* _Collected material_
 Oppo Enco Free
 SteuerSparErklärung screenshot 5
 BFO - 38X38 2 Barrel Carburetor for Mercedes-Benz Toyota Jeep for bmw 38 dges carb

* _Activity_
The whole listing above should be copied out exactly.

* _Result_
 Oppo Enco Free
 SteuerSparErklärung screenshot 5
 BFO - 38X38 2 Barrel Carburetor for Mercedes-Benz Toyota Jeep for bmw 38 dges carb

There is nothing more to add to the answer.